The new resident did not disappoint. Nor did anyone else. Resuscitation is always a team effort. Compressions, oxygen, intubation, confirmed, IV access, and Drugs IV, labs. All at the same time. As he watched an attractive nurse do chest compressions, an unwelcome recollection of the first chapter of The House of God invaded his mind, and again he thrust it aside thinking,
“Some books should have warning labels: ‘ Said to be brilliant, insightful, but the Surgeon General has determined that the reader may be infested with mental garbage.’
After the initial chaos, the action became more ordered, deliberate, thoughtful. Team members commented and suggested. And suddenly the monitor revealed Ventricular Fibrillation! There was hope. Electricity, three shocks, and the faint smell of burned gray chest hair. No change, more of the same, and once again, Asystole. Algorithms or recipes for resuscitation were followed.
The chart appeared. The patient was almost 90. He rather uncharitably thought,
“There must be a new person in records. Someone is awake”. The charge nurse stepped in to say the patient’s wife and son were in the quiet room, so he stepped out to speak briefly with them, and review the history provided by the ambulance crew. The man, always very physically active, had been mowing the lawn with his push mower when he collapsed. Outside it was 112 degrees F. His only surgery had been for cataracts, and his sole medication was estrogen for prostate cancer. There were no risk factors for heart disease except age and male sex. The patient had been retired since age 65. He had no special activities or interests. “ My God!” he mused, “How has he survived 25 good years without the most addictive of all drugs: work.” In one of those recurring coincidences of life, his father had been a miner, and worked in the same mine at about the same time as the patient¸ Noranda, Quebec, where he had been born. He wanted to ask more detail but had to return to the code. “Back to the henhouse.”
Relaying the information to the resident, he found that the patient’s situation was grim; a pulseless wide slow complex. The labs were back, the x-ray studied. He watched the resident methodically repeat the algorithm, consider and actually attempt to treat the only other possible treatable conditions. Yet she seemed to unable to make the obvious conclusion.

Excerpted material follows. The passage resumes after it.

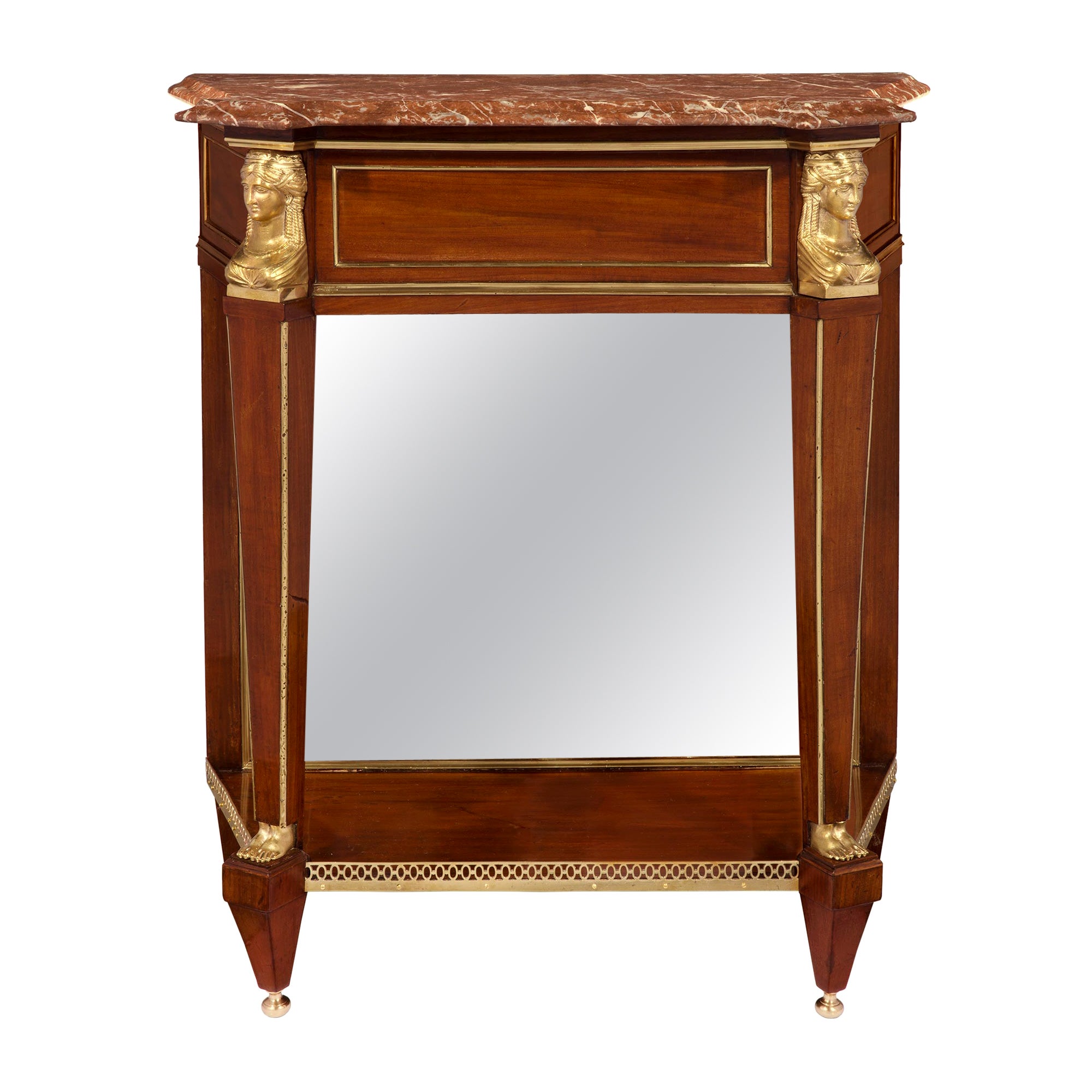 French 19th Century Neoclassical Style Mahogany, Ormolu and Marble Console For Sale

The resident was a single mother. She and her two children lived at a distance where rents were reasonable, in tiny apartment, paid for child care, paid taxes, social security, drove back and forth to on street parking. Her son had had a recent serious injury, and he had treated the younger child for severe asthma. “We weren’t paid, but had free housing for me and my family, and free food. We were really residents, working 36 on and 12 off. Why are they still called residents? But perhaps she will not beccome a robo-doc. The young docs don’t tend to abandon their spouses and children in the name of Hippocrates, like I did. I hope so.”
The seconds became minutes. The code team awaited orders. The inviolate code atmosphere was pierced from outside the room by voices, sounds of pain or retching, paging , buzzers, bells and smells. The regular electric convulsion of the big code wall clock second hand soundlessly shredded the air.
Abandoning his role as observer, he called the resident aside and spoke in a whisper. “ Good job. Very well done. But, unless you want to crack an 90 year old chest for practice, don’t you think you can ‘call’ the code?” And in that moment he knew he had been negligent. He had not remembered that the resident was just returned from her own father’s funeral the week before. He had forgotten that a resident is family. Like the family that he had so often neglected to value to nurture, to simply share his time with. “What do the architects say”, he thought,“ ‘Function follows form?’ But in living it is the other way round. We become what we do. I hope she will do better than I have. ”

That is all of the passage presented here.